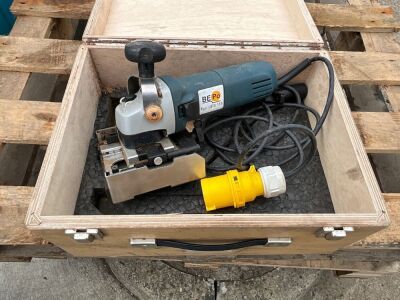BEPO 110v BISCUIT SAW/JOINTER & CASE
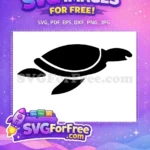 Free Silhouette Turkey Free Turtle Thanksgiving Free SVG - Instant Download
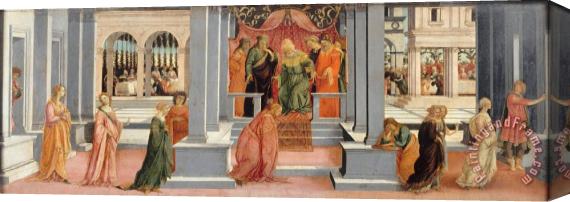 Filippino Lippi Esther Choisie Par Assuerus Stretched Canvas Print / Canvas Art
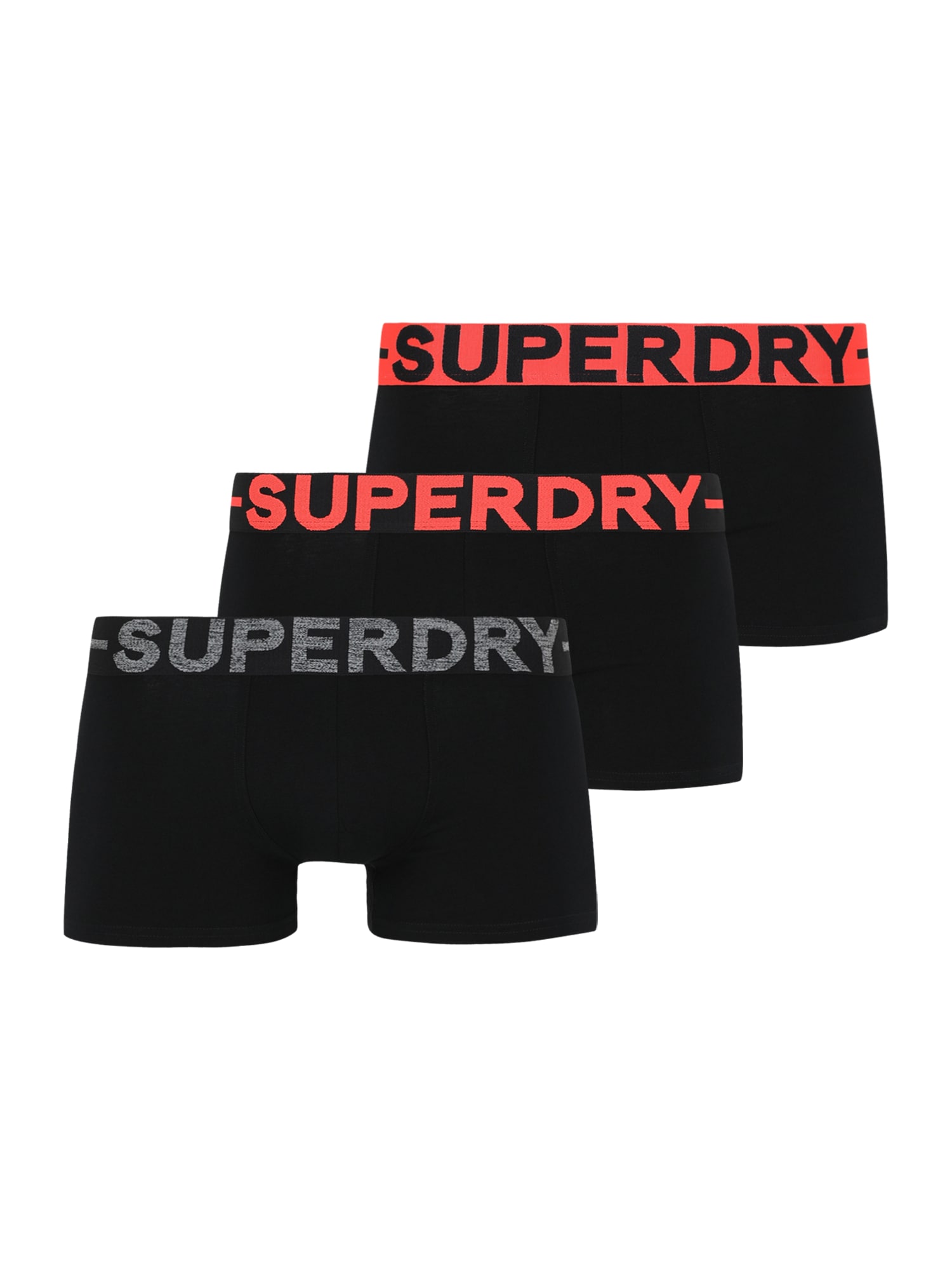 Superdry Boxeralsók  szürke melír / piros / fekete akciós termékkép 1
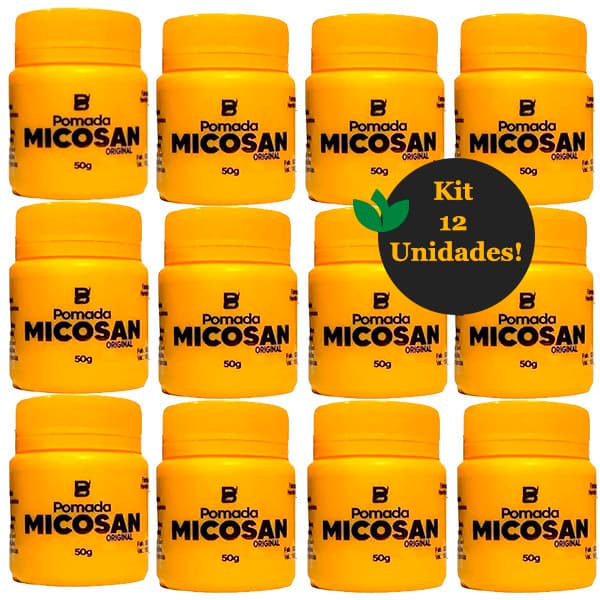 KIT 12 Unidades Pomada MICOSAN Original 50g BARUC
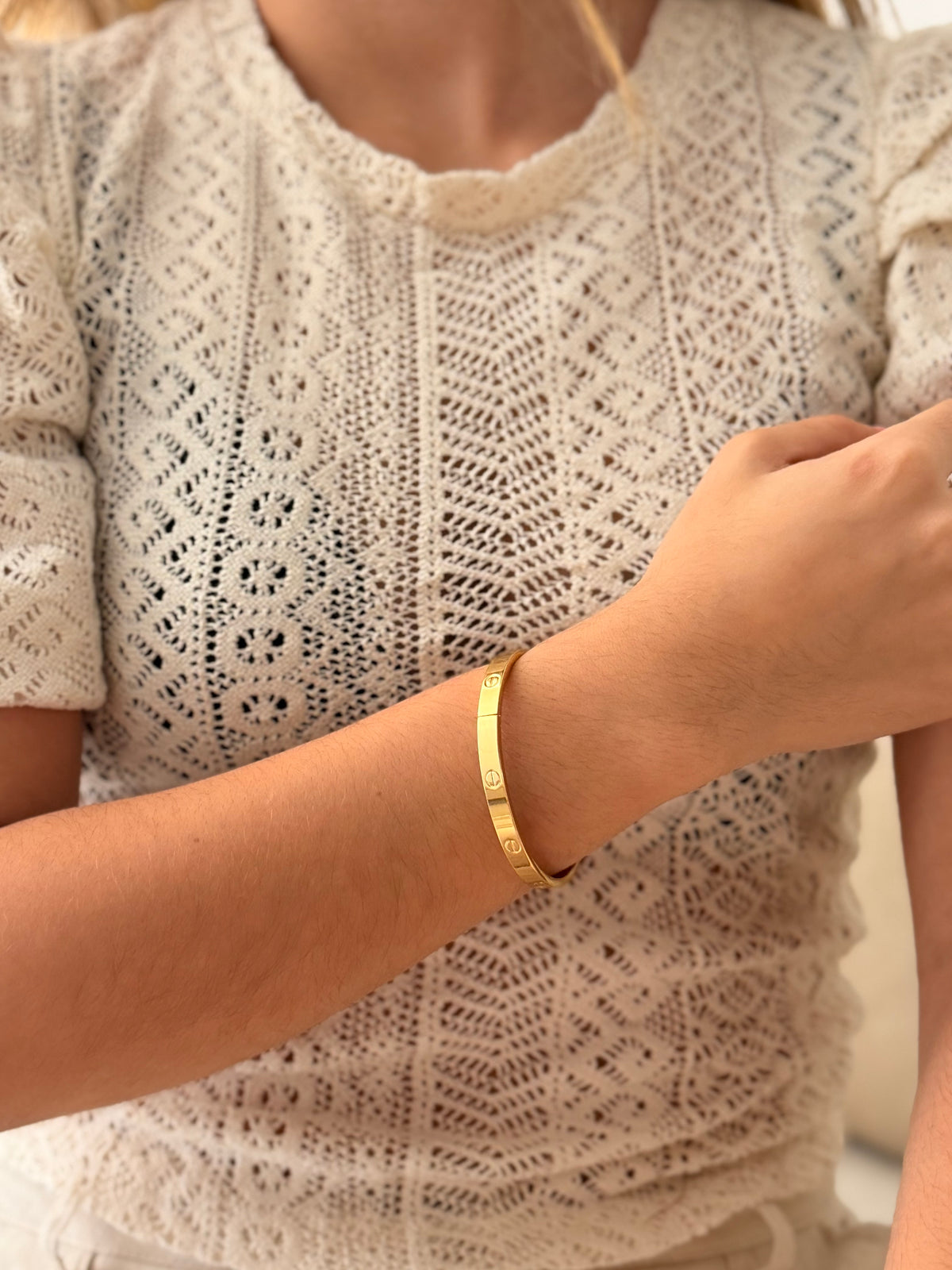 Pulsera Aro Cartier Dorado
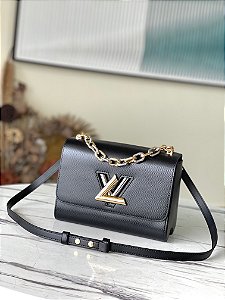 Bolsa Louis Vuitton Twist MM "Black/Gold/Silver"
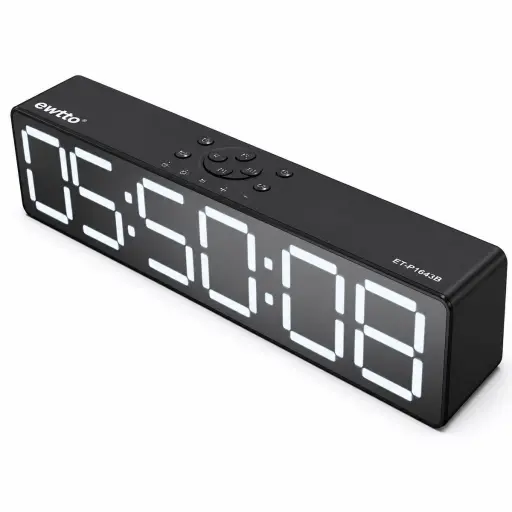 Reloj Despertador Bluetooth LED con Parlante Dual 30 cm — Relojes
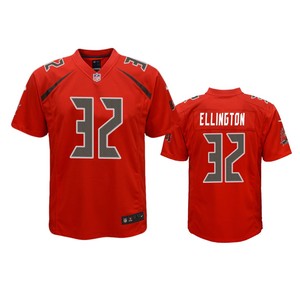 Tampa Bay Buccaneers Andre Ellington Red Color Rush Game Jersey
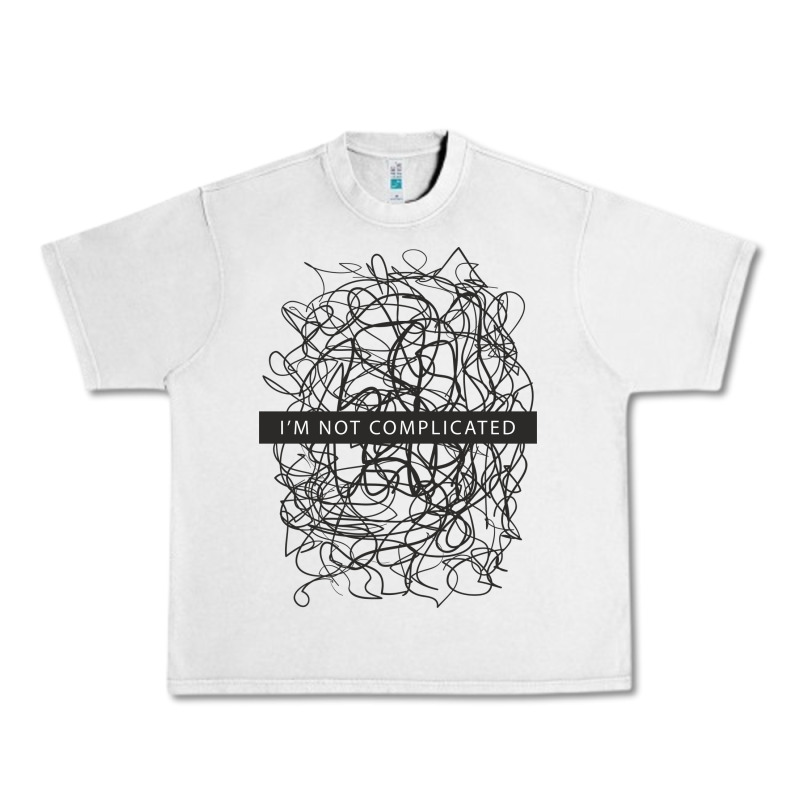 ı'm Not Complicated Urban Heavy Tee by artisFamous | Teevron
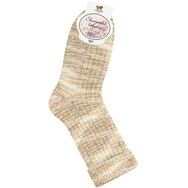 Skarpetki bukla - beżowy melanż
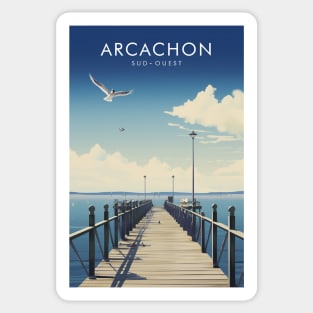 Arcachon - poster - Affiche Sticker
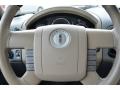 Light Parchment/Espresso 2007 Lincoln Mark LT SuperCrew Steering Wheel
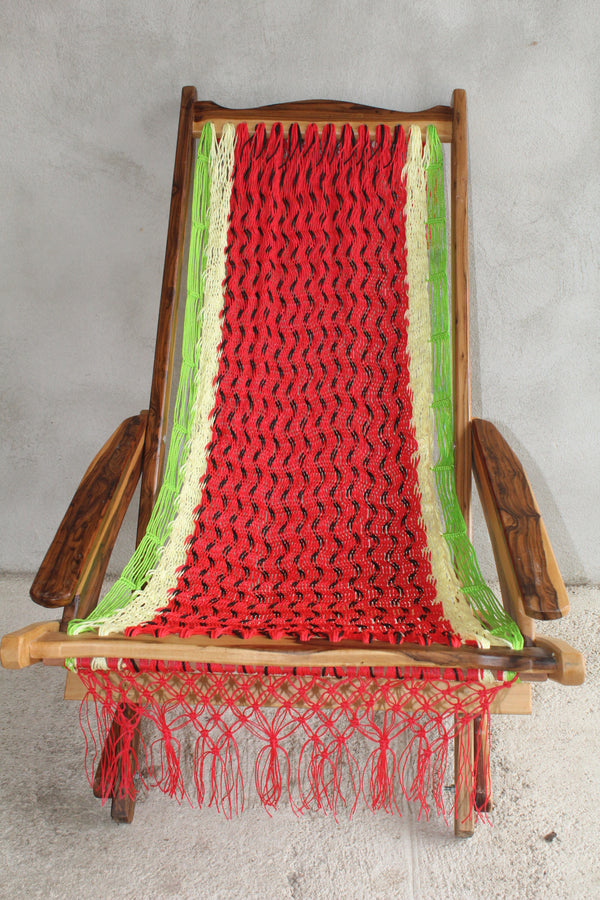 Silleta Mecedora Yucateca Plegable Artesanal Modelo Sandia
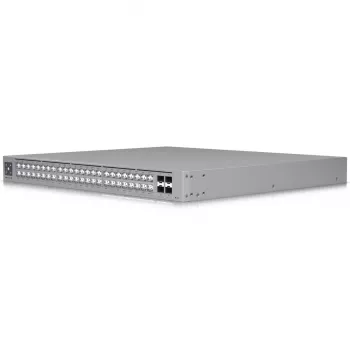 Ubiquiti USW-Pro-Max-48-PoE jungiklis su Etherlighting, 16x RJ45 2.5 Gbps, 32x RJ45 1000 Mbps, 4x SFP+, L3, 720W PoE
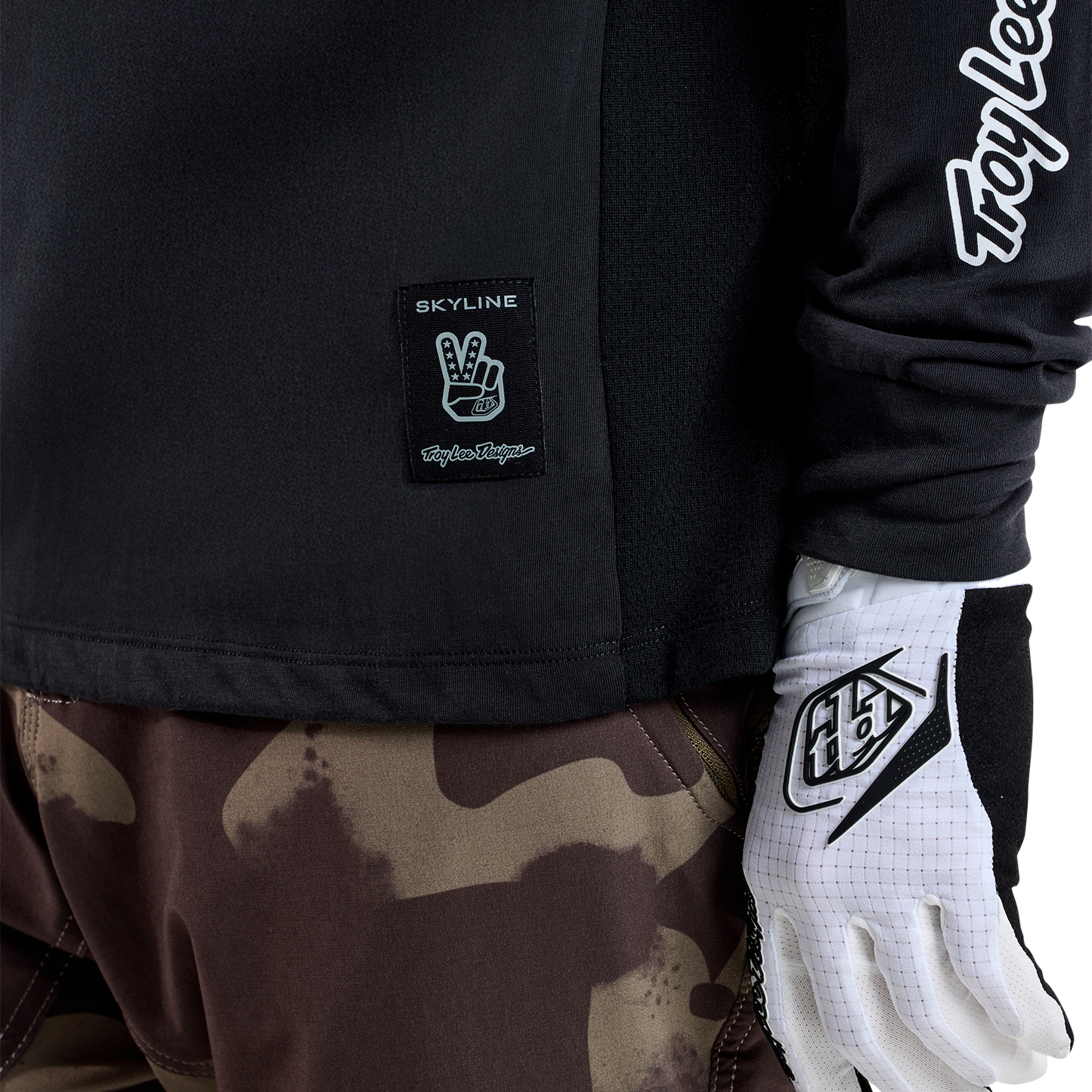 TLD Skyline Long Sleeve Ride Tee Signature Black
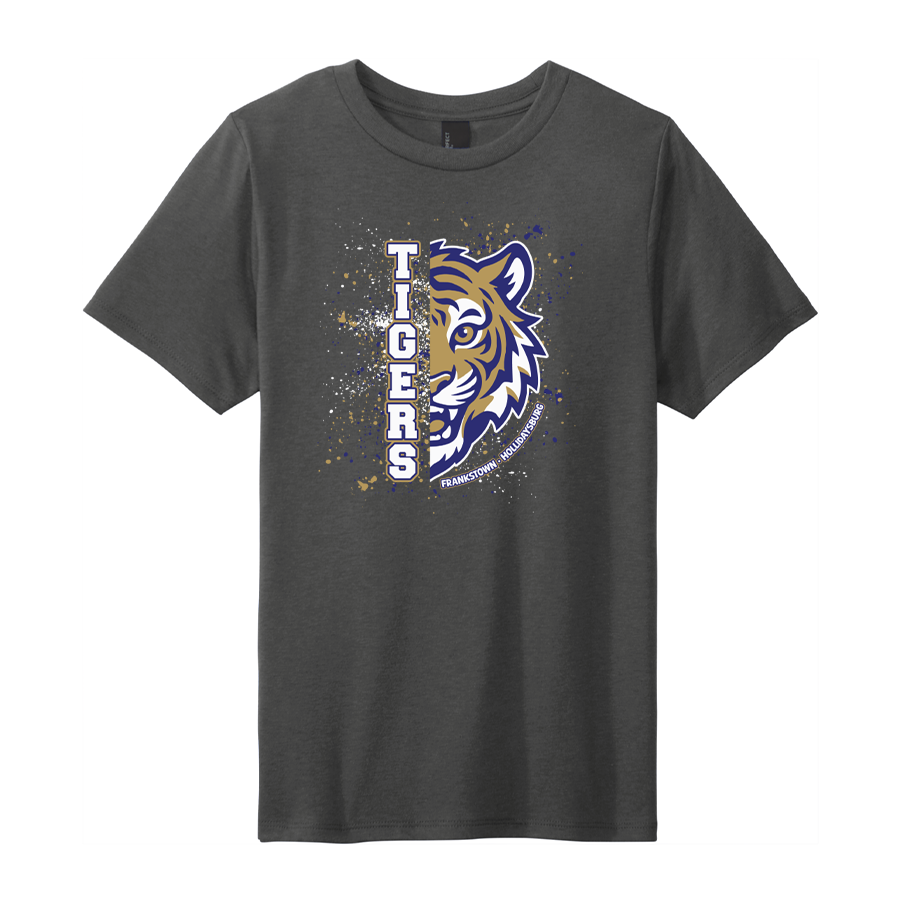 Youth Charcoal Super Soft Tri Tee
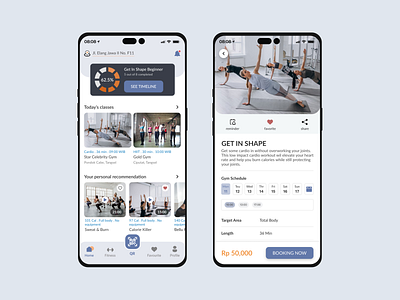 Gym App app design app ui design booking app fitness app gym app homepage homepage ui design illustration mobile app scheduling app scheduling app ui design service app service detail page sport app ui design ux design workout app workout app design yoga app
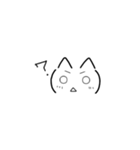 猫っぽい顔文字（個別スタンプ：22）
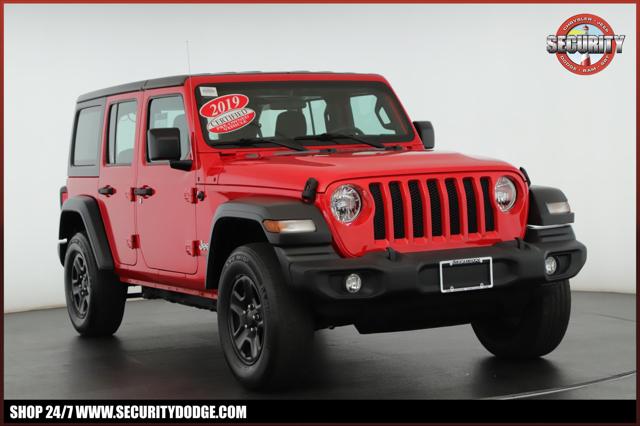 2019 Jeep Wrangler Unlimited Sport 4x4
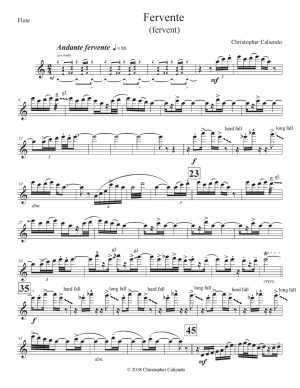 Fervente (fervent) - Flute | Piano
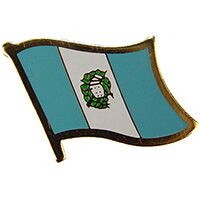 Eagle Emblems P09538 Pin-Guatemala (FLAG), (1-1/16")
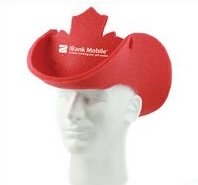 Maple Leaf Cowboy Hat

* * *

* **WORK REQUEST**: Needed here is only the span from the line with "ı'm Not Complicated" through the last line of the entries, copied exactly with both ends and without pictures.

* **TASK ANSWER**:
 ı'm Not Complicated Urban Heavy Tee by artisFamous | Teevron
 Skarpetki bukla - beżowy melanż
 Arcachon - poster - Affiche Sticker
 Light Parchment/Espresso 2007 Lincoln Mark LT SuperCrew Steering Wheel
 Silleta Mecedora Yucateca Plegable Artesanal Modelo Sandia
 Ubiquiti USW-Pro-Max-48-PoE jungiklis su Etherlighting, 16x RJ45 2.5 Gbps, 32x RJ45 1000 Mbps, 4x SFP+, L3, 720W PoE
 TLD Skyline Long Sleeve Ride Tee Signature Black
 Youth Charcoal Super Soft Tri Tee
 Gym App app design app ui design booking app fitness app gym app homepage homepage ui design illustration mobile app scheduling app scheduling app ui design service app service detail page sport app ui design ux design workout app workout app design yoga app
 猫っぽい顔文字（個別スタンプ：22）
 2019 Jeep Wrangler Unlimited Sport 4x4
 Fervente (fervent) - Flute | Piano
 Eagle Emblems P09538 Pin-Guatemala (FLAG), (1-1/16")
 Maple Leaf Cowboy Hat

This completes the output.